Quick terms: DataFrame means table, and TimeFrame means a table with a designated time column.
Reference
Ibex function reference
This page lists built-in Ibex functions and standard I/O library functions.
For most operations, prefer the Ibex syntax shown below (for example
df1 join df2 on key) over direct helper function calls.
Ibex syntax
How you usually write these
a join b on key | Inner join (equivalent to inner_join(a, b, key)). |
a left join b on key | Left join (equivalent to left_join(a, b, key)). |
a right join b on key | Right join (equivalent to right_join(a, b, key)). |
a outer join b on key | Outer join (equivalent to outer_join(a, b, key)). |
a semi join b on key | Semi join (equivalent to semi_join(a, b, key)). |
a anti join b on key | Anti join (equivalent to anti_join(a, b, key)). |
df[select { x = sum(col) }, by key] | Standard aggregate usage. |
tf[window 5m, update { x = rolling_mean(price) }] | Typical rolling-window usage. |
df[update { x = fill_forward(x) }] | Typical null-fill usage. |
df[order key] | Standard ordering syntax (instead of order(df, key)). |
import "csv"; read_csv("file.csv") | Typical file I/O usage. |
df[cov] / df[corr] | Covariance or correlation matrix of numeric columns. |
df[transpose] | Swap rows and columns (homogeneous column types required). |
matmul(a, b) | Matrix multiply two DataFrames. |
Core
Table and join functions
Core table functions
as_timeframe(df, "time_col") | Convert a table to a time-indexed table using time_col. |
scalar(df, col) | Extract one value from a one-row table. |
order(df, key1, ...) | Return a table ordered by keys.
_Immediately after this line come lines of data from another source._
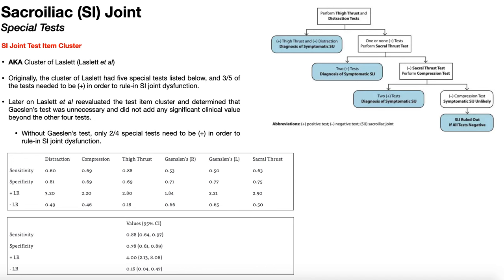In this video, we're going to be looking at special tests used in the diagnosis of sacroiliac or SI joint dysfunction. Before we get into those special tests, I want to clear up some confusion regarding this test item cluster. This is the most common one, also known as the cluster of Laslett, named for Laslett et al., who evaluated these special tests.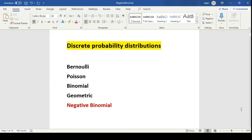In discrete probability distributions we have various types of distributions like Bernoulli, Poisson, binomial, geometric, and negative binomial. We are not going into each of these discrete probability distributions. I will show you one case study from negative binomial distribution, skipping much of the calculations, to show you the mathematics behind it and how to plot those distributions in R.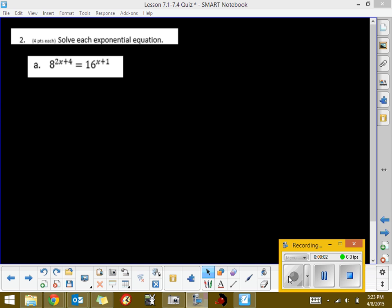In question 2, we're asked to solve each exponential equation, and up to this point, we've really looked at only one main strategy to solve exponential equations, and that is to get the bases of these to be the same.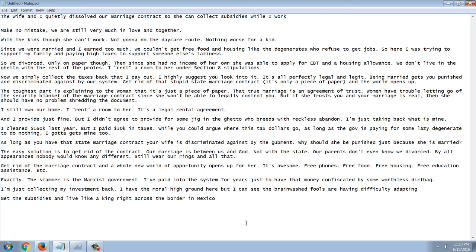Someone commended him and his reply was: 'The scammer here is the Marxist government. I've paid into the system for years just to have that money confiscated. I'm just collecting my investment back. I have the moral high ground here, but I can see the brainwashed fools are having difficulty adapting. Get the subsidies and live like a king right across the border in Mexico.' That's the original post — a lot of controversy, a lot of people calling him names.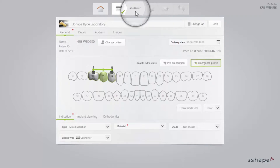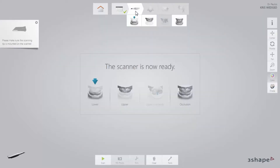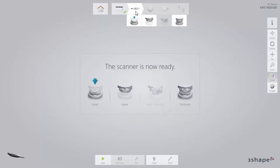Now proceed to the scan page. You will have four scans to do: lower arch, upper arch with emergence profile, upper arch with scan bodies, and occlusion.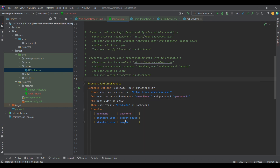So this is how we can use Scenario Outline to club two test cases or to run particular test cases with multiple data sets. That's it for now — thank you for watching, stay tuned for more such videos.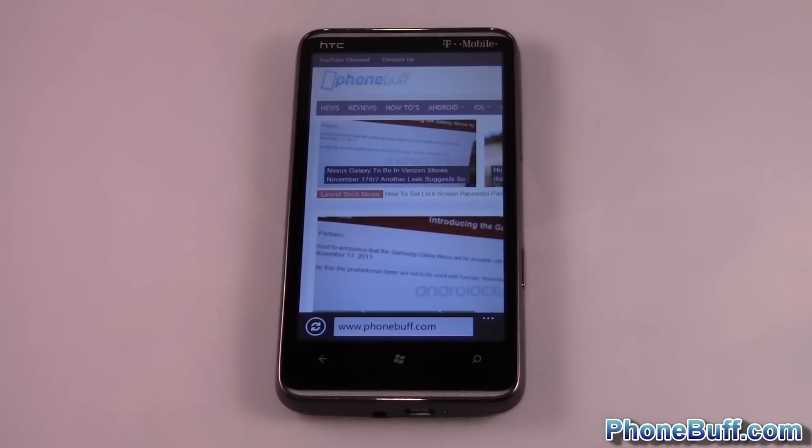Hey guys, this is David from PhoneBuff.com and today I'm going to be doing a quick video on how to close out an app on Windows Phone.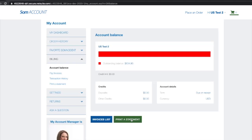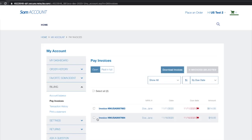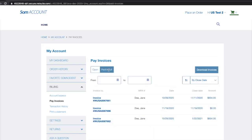You can print a statement or view all your invoices. Viewing the invoices list will show all your open, paid, and full invoices.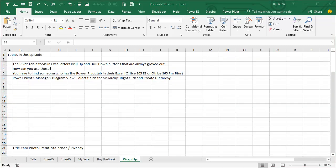Wrap up for today. Why is Drill Up and Drill Down constantly grayed out? Well, you have to create a hierarchy. In order to create a hierarchy, you have to go into Power Pivot, into the Diagram view, select the fields for the hierarchy, and then right-click and Create Hierarchy.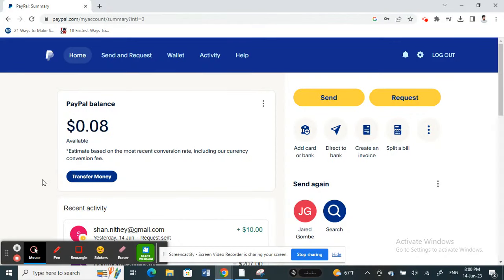Hello everyone, welcome back to our channel. Today in this tutorial I'm going to show you how to send or transfer money from one PayPal to another PayPal account without linking a bank account. Let's get into the video.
Usually written as df[order key1, ...]. |
print(value) | Print a human-readable value in scripts and REPL sessions. |
Join functions
inner_join(left, right, key1, ...) | Keep rows with matching keys. Ibex syntax: df1 join df2 on key1. |
left_join(left, right, key1, ...) | Keep all left rows, attach right matches when present. Ibex syntax: df1 left join df2 on key1. |
right_join(left, right, key1, ...) | Keep all right rows, attach left matches when present. Ibex syntax: df1 right join df2 on key1. |
outer_join(left, right, key1, ...) | Keep all rows from both sides. Ibex syntax: df1 outer join df2 on key1. |
semi_join(left, right, key1, ...) | Keep left rows with a right-side match. Ibex syntax: df1 semi join df2 on key1. |
anti_join(left, right, key1, ...) | Keep left rows with no right-side match. Ibex syntax: df1 anti join df2 on key1. |
cross_join(left, right) | Cartesian product. Ibex syntax: df1 cross join df2. |
asof_join(left, right, key1, ...) | Nearest-in-time join for time-indexed tables. Ibex syntax: tf1 asof join tf2 on key1. |
Analytics
Aggregates and time functions
Aggregate functions
Use these inside select { ... } (often with by), e.g. df[select { x = sum(col) }, by key].
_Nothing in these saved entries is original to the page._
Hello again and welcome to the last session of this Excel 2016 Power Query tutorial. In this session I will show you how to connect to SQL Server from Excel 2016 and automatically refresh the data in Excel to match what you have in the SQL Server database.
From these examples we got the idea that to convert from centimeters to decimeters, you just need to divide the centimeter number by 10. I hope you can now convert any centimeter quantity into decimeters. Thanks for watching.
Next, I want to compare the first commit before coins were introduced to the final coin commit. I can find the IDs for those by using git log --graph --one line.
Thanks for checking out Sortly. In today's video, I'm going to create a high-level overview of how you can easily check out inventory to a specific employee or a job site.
sum(col) | Sum of non-null values. |
mean(col) | Arithmetic mean of non-null values. |
min(col) | Minimum non-null value. |
max(col) | Maximum non-null value. |
count() | Row count for the current group/window. |
first(col) | First non-null value in order. |
last(col) | Last non-null value in order. |
median(col) | Median of non-null values. |
std(col) | Sample standard deviation (n-1 denominator). |
ewma(col, alpha) | Exponentially weighted moving average. |
quantile(col, p) | p-quantile with linear interpolation. |
skew(col) | Sample skewness. |
kurtosis(col) | Sample excess kurtosis. |
Window and cumulative functions
Rolling functions are usually used with window on a time-indexed table; cumulative functions also work in plain update/select.
rolling_count() | Row count in the active window. |
rolling_sum(col) | Rolling sum over the active window. |
rolling_mean(col) | Rolling mean over the active window. |
rolling_min(col) | Rolling minimum over the active window. |
rolling_max(col) | Rolling maximum over the active window. |
rolling_median(col) | Rolling median over the active window. |
rolling_std(col) | Rolling sample standard deviation. |
rolling_ewma(col, alpha) | Rolling EWMA within each window. |
rolling_quantile(col, p) | Rolling quantile within each window. |
rolling_skew(col) | Rolling sample skewness. |
rolling_kurtosis(col) | Rolling sample excess kurtosis. |
lag(col, n) | Shift backward by n rows (previous values). |
lead(col, n) | Shift forward by n rows (next values). |
cumsum(col) | Prefix sum, one output per row. |
cumprod(col) | Prefix product, one output per row. |
Transforms
Missing data, sequence, and randomness
Null and sequence functions
Most often used in update { ... }, e.g. df[update { x = fill_forward(x) }].
fill_null(col, value) | Replace nulls in col with a constant value. |
fill_forward(col) | Fill missing values using the last earlier non-missing value. |
fill_backward(col) | Fill missing values using the next later non-missing value. |
rep(x, times=1, each=1, length_out=-1) | Repeat or cycle a value/column to build a full output column. |
Vectorized RNG functions
Used in expressions like df[update { noise = rand_normal(0.0, 1.0) }].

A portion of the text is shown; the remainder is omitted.